… a quel Paese

Capita di andare al cinema di quel Paese, se per qualche scena del film “quel Paese” è anche il tuo.Andiamo-a-quel-paese

Capita di divertirsi, di riflettere, di sbellicarsi dal ridere e di tifare per i personaggi di Salvatore Ficarra e Valentino Picone, fino a lasciarsi coinvolgere totalmente dalla loro storia, dove oltre a qualche scorcio del tuo paese c’è anche tanta similitudine con ciò che accade intorno alla tua vita.
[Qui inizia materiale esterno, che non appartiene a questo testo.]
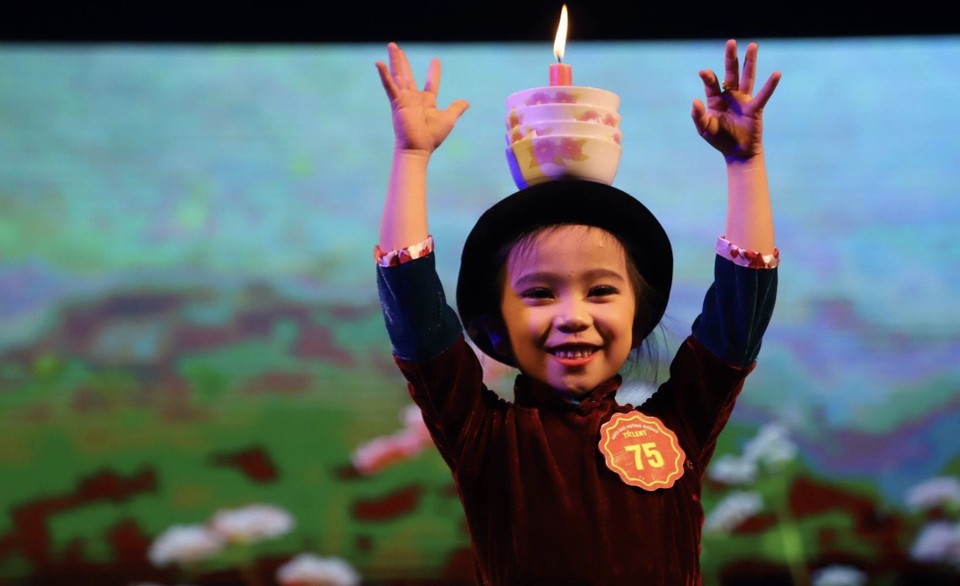 6 gương mặt giành ngôi vị cao nhất của Gương mặt tài năng nhí 2018 - 5 Ở lĩnh vực nhảy - múa, cô bé 7 tuổi Nguyễn Khánh Linh với phần múa bát đã chinh phục ban giám khảo và lên ngôi vị Quán quân 1.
Dove la corsa al “petrolio” da parte dei giovani, la fonte di ricchezza per vivere o sopravvivere, è davvero rappresentata dal riuscire a mettere le mani sulla pensione dei nonni, degli zii o di qualche caro parente (nella migliore delle ipotesi).

Capita di assistere ad un film gioioso e ben fatto, dove non la tiri lunga e ammicchi compiaciuto fino al finale dove, con Salvatore e Valentino, percorri i corridoio del palazzo “Nobiliare”. Un luogo che è persino disagiante per la raffinata impeccabilità, dove si sta per svolgere il rituale per la conquista della agognata “raccomandazione”.

Come in una processione: attraversando porte che aprono su stanze, verso altre porte che aprono su altre stanze, fino a giungere nella stanza del “dunque” e scoprire che si è arrivati a un “punto morto”, con tanto di feretro del “Titolare”!

E lì, il film poteva finire con dignità. Senza il servilismo dell’affermare in pseudo satira che bisogna continuare a pregare i corrotti e i corruttori, i faccendieri e gli affaccendati, in buona sostanza la stesse persone di “merda” di sempre – nelle stesse modalità di sempre – per avere la possibilità di guadagnarsi da vivere lavorando.

Decisamente: No. Il messaggio finale non mi è calato e lo rigetto, senza nulla togliere allo sbellicamento di tutto il resto del film che quell’infelice e breve finale ha preceduto.